The out-sized loss of U.S. home equity wealth also impacted consumer spending, particularly among the middle class, for whom home equity represents the majority of household wealth. Alarmingly, the paper estimated the national level of in-process foreclosures, often referred to as the “shadow inventory” of foreclosures, at four times the REO inventory.
Complicating and impeding the federal government interventions, such as the Home Affordable Refinance Program (HARP) and Home Affordable Modification Program (HAMP), as well as private sector efforts to modify or refinance loans, is a crosssection of policy, economic, and environmental factors. These factors include regulatory pressures on banks to diversify and/or shrink lending portfolios to control risk, falling real estate values, and widespread un- and underemployment.

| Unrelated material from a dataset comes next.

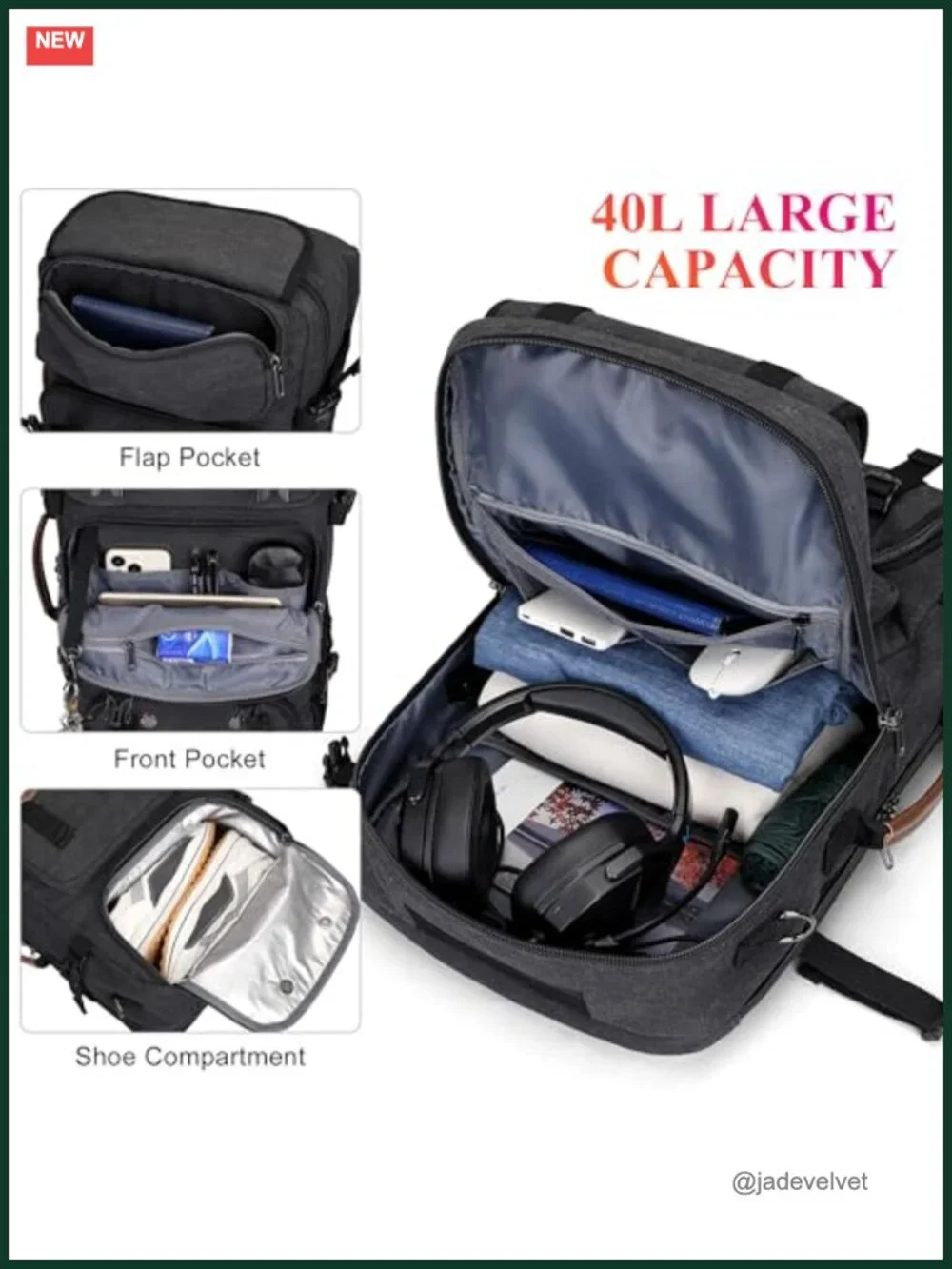40L Travel Backpack Laptop Bag Dual USB Port Convertible Canvas Backpack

The crisis also left millions of borrowers with loans that exceeded the value of their home, or “under water,” further limiting refinancing, modification, or sale opportunities for home owners unable to afford their payments. Moreover, some mortgage servicer agreements (ostensibly designed when real estate values were increasing rapidly), incent servicers to foreclose on defaulted borrowers instead of modifying loans.
The main purpose of the Fed white paper was to summarize the state of the housing market and lay out potential policy steps and their relative merits and opportunity costs. Constrained credit and overall economic conditions have pushed former home owners and potential first time buyers toward rental housing, creating new market stresses for rental housing and affordable rental housing in particular. Among the key policy alternatives discussed in the paper was a strategy to convert bank/ lender real estate acquired through foreclosures (REO) to rental housing through bulk sales to private investors.
While management of scattered site rental housing presents difficulties in any market, some issues are amplified with LMI renters, who experience job loss and other negative economic impacts more frequently. Also, property condition and maintenance present greater challenges, particularly for buildings that have been vacant for some period. Attention to and maintenance of vacant property varies to a large degree by income demographics, meaning that wealthier communities do not allow blight to take hold as it does in LMI areas. Although the report did not focus on community development issues or lower income areas in particular, it did include cautionary language on property management, rehabilitation, and upkeep practices among potential bulk purchasers of (mostly) detached homes from government sponsored enterprise (GSE) REO portfolios. These concerns have been echoed by community development practitioners in Chicago. The report even suggests that, to the extent investors purchase buildings in economically struggling communities, they might engage established nonprofit housing organizations with ties to those particular communities to assist with property management.